By Ben Fox Rubin 
 

Advance Auto Parts Inc.'s (AAP) third-quarter profit fell 15% as the auto-parts retailer posted weaker same-store sales, though margins improved amid lower costs.

The company last month forecast third-quarter results below expectations as sales weakened and Advance Auto again cut its annual earnings guidance.

The second-largest U.S. auto-parts retailer after AutoZone Inc. (AZO) has said it expects its performance will be hurt for the rest of the year by continued softness in colder weather markets and lower overall consumer spending on auto maintenance and parts, as well as spending to expand its commercial sales.

"While we are disappointed we did not achieve our profitability expectations, we are encouraged by the improvements in our sales trends, particularly in commercial, from our second to third quarter," Chief Financial Officer Mike Norona said.

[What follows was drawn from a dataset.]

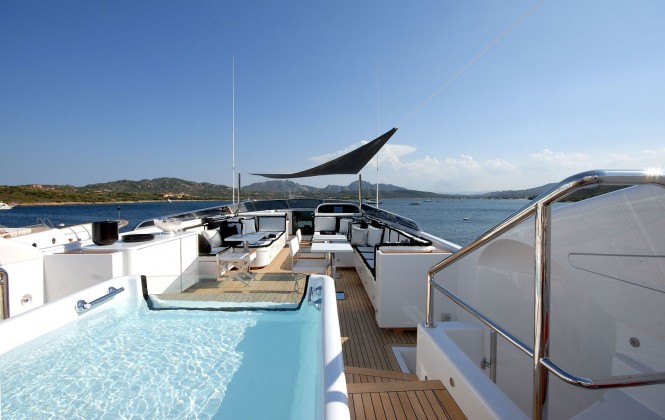 Motor yacht Pure One - sundeck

The company reported a profit of $89.5 million, or $1.21 a share, compared with a year-earlier profit of $105.6 million, or $1.41 a share. Sales edged down 0.5% to $1.46 billion, as same-store sales fell 1.8%.

Analysts polled by Thomson Reuters expected earnings of $1.21 a share on $1.46 billion in revenue.

Gross margin widened to 49.8% from 49.5%, as input costs shrank 1.1%.

Shares of Advance Auto, which affirmed its full-year earnings view, closed Wednesday at $79.76 and were inactive premarket. The stock is up 15% so far this year.